如何通过对每个站点的观测值求和来添加一列丰度数据?

How do I add a column of abundance data by summing observations per site?

我有一个数据框,其中包含跨多个站点对扇贝 presence/absence 的观察。我想使用 UID(唯一标识符)和 presence/absence 列(二进制:0 不存在,1 存在)来计算每个站点的扇贝数。

我的数据框如下所示:

UID Present.Absent Size.cm binary
A-10-2021 Present 4.60 1
A-10-2021 Present 6.0 1
A-11-2021 Present 4.70 1
A-11-2021 Present 4.8 1
A-4-2021 Absent NA 0
A-5-2021 Present 5.90 1
A-5-2021 Present 6.00 1
A-5-2021 Present 6.00 1
A-5-2021 Present 3.90 1
A-5-2021 Present 5.00 1
A-6-2021 Absent NA 0

它继续进行大约 6000 次观察,大约有 1500 个不同的 UID

我是 R 的新手,不知道该怎么做。有没有办法让每个 UID 一行,有一列丰度数据?非常感谢任何帮助,如果有任何其他信息有帮助,我很乐意提供。
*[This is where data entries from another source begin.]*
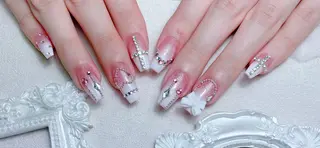ネイル ルシー Nail サロンのネイルデザイン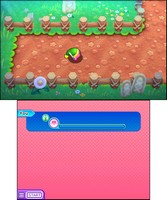 Kirby Battle Royale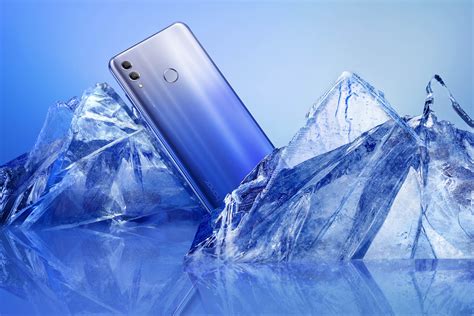 Honor Release The Honor 10 Lite Budget Smartphone With Tiny Top Notch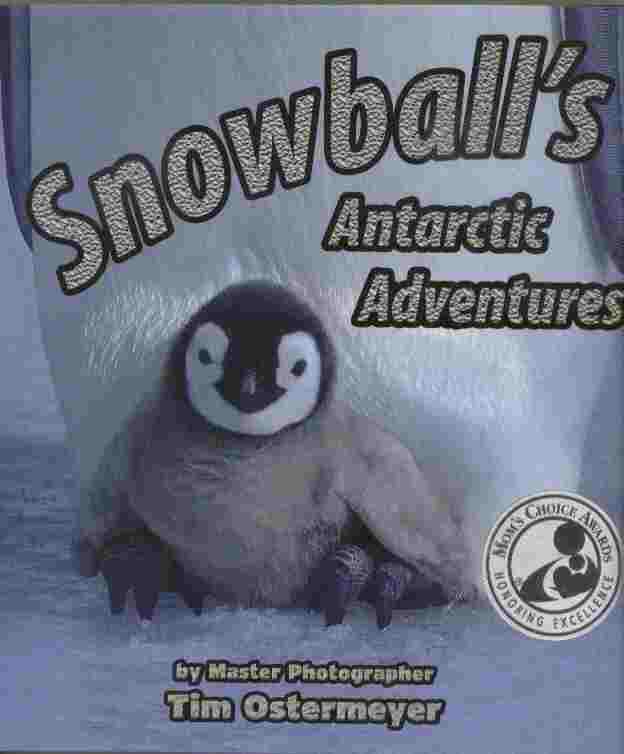 Image for Snowball's Antarctic Adventures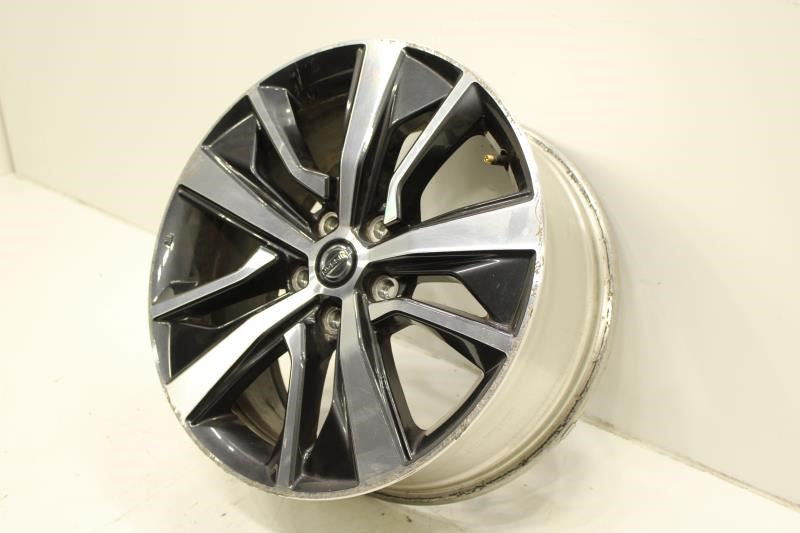 2018-2020 Nissan Maxima Aluminum Wheel R18x8J 40300-9DJ1A OEM *ReaD* - Alshned Auto Parts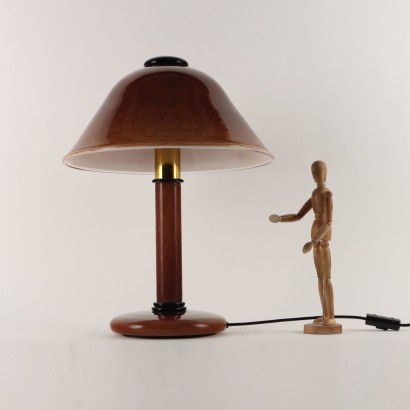 Lampada da Tavolo Barovier & Toso Anni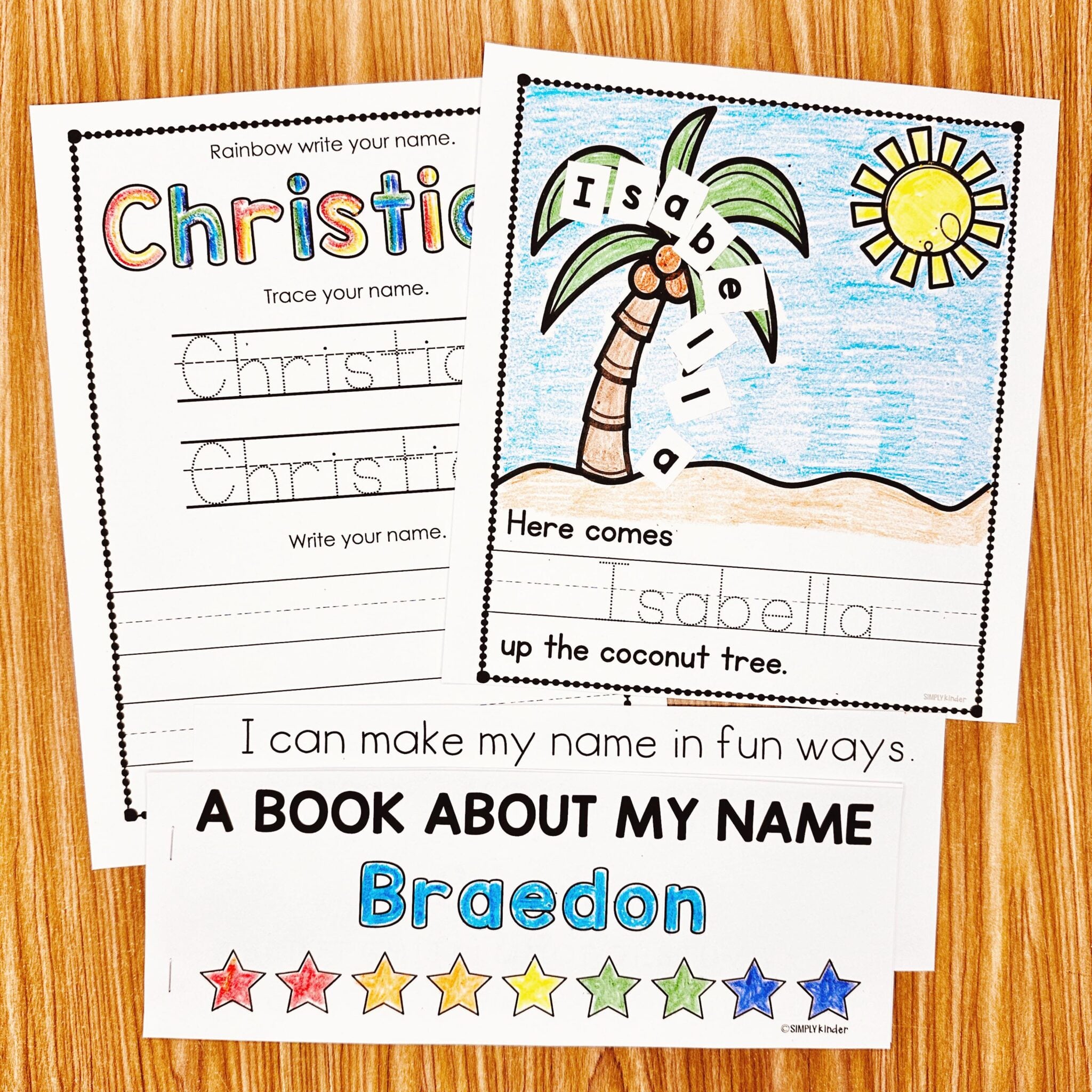 Register For The Unlimited Plan - Monthly - Simply Kinder + Printable ...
谢谢!

编辑:添加了数据样本;前 10 行

structure(list(UID = c("A-10-2021", "A-10-2021", "A-11-2021", 
"A-11-2021", "A-1-2021", "A-1-2021", "A-1-2021", "A-12-2021", 
"A-12-2021", "A-12-2021"), Present.Absent = c("Present", "Present", 
"Present", "Present", "Present", "Present", "Present", "Present", 
"Present", "Present"), Alive.Dead = c("Alive", "Alive", "Alive", 
"Alive", "Alive", "Alive", "Alive", "Alive", "Alive", "Alive"
), Size.cm = c(4.6, 5.25, 4.7, 5.1, 3.5, 3.9, 4.7, 4.7, 4.9, 
4.9), binary = c(1, 1, 1, 1, 1, 1, 1, 1, 1, 1)), row.names = c(3L, 
4L, 9L, 10L, 14L, 15L, 17L, 36L, 37L, 38L), class = "data.frame")

您可以使用 group_by() 来实现:

# Your data
temp1 <- structure(list(UID = c("A-10-2021", "A-10-2021", "A-11-2021", 
"A-11-2021", "A-1-2021", "A-1-2021", "A-1-2021", "A-12-2021", 
"A-12-2021", "A-12-2021"), Present.Absent = c("Present", "Present", 
"Present", "Present", "Present", "Present", "Present", "Present", 
"Present", "Present"), Alive.Dead = c("Alive", "Alive", "Alive", 
"Alive", "Alive", "Alive", "Alive", "Alive", "Alive", "Alive"
), Size.cm = c(4.6, 5.25, 4.7, 5.1, 3.5, 3.9, 4.7, 4.7, 4.9, 
4.9), id = c(3L, 4L, 9L, 10L, 14L, 15L, 17L, 36L, 37L, 38L)), row.names = c(3L, 
4L, 9L, 10L, 14L, 15L, 17L, 36L, 37L, 38L), class = "data.frame")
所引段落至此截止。